MATERIAL PROVIDED

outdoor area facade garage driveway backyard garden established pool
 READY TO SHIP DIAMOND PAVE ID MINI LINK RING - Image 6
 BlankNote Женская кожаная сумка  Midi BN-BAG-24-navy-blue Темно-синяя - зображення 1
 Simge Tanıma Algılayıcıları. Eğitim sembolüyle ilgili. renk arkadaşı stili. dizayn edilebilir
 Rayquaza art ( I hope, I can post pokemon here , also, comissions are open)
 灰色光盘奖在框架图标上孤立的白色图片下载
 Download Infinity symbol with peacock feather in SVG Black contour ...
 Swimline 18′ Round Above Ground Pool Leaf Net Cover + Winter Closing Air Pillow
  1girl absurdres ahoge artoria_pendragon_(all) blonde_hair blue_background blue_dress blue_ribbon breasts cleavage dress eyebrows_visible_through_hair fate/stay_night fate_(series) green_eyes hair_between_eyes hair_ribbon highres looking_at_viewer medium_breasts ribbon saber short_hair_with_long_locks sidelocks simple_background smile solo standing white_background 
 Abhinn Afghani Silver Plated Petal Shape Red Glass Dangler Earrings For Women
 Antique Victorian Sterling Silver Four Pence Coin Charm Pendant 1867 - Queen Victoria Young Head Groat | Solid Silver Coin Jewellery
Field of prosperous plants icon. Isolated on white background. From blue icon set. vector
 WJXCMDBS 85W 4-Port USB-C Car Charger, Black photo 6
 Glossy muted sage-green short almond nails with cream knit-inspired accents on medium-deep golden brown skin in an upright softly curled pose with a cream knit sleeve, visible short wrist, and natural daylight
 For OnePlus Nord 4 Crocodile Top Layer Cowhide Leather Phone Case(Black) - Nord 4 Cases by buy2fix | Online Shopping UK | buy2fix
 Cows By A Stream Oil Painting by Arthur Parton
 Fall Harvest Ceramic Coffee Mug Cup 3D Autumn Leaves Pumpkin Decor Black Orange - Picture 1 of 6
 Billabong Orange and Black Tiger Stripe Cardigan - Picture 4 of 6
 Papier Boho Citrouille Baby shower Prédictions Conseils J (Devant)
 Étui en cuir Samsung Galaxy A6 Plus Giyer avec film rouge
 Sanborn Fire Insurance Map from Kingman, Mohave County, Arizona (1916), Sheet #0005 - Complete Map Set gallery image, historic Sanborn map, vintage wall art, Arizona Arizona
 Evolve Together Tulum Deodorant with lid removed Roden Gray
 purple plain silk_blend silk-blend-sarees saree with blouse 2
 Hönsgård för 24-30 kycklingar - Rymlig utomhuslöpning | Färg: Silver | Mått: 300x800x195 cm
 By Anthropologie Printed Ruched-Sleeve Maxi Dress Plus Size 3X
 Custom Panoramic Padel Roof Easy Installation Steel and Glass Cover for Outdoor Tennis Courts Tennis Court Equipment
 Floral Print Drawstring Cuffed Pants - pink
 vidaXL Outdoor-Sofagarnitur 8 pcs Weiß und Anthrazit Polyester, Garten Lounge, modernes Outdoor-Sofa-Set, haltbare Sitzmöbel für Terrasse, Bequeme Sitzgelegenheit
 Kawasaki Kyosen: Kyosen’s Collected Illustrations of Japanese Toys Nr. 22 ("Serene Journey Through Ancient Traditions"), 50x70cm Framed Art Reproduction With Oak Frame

EXERCISE INSTRUCTIONS
Once you find the line with "Sanborn Fire Insurance" in the entries above, output it and each line after it up to and including the line with "purple plain silk_blend", and nothing else.

OUTPUT OF THE EXERCISE
 Sanborn Fire Insurance Map from Kingman, Mohave County, Arizona (1916), Sheet #0005 - Complete Map Set gallery image, historic Sanborn map, vintage wall art, Arizona Arizona
 Evolve Together Tulum Deodorant with lid removed Roden Gray
 purple plain silk_blend silk-blend-sarees saree with blouse 2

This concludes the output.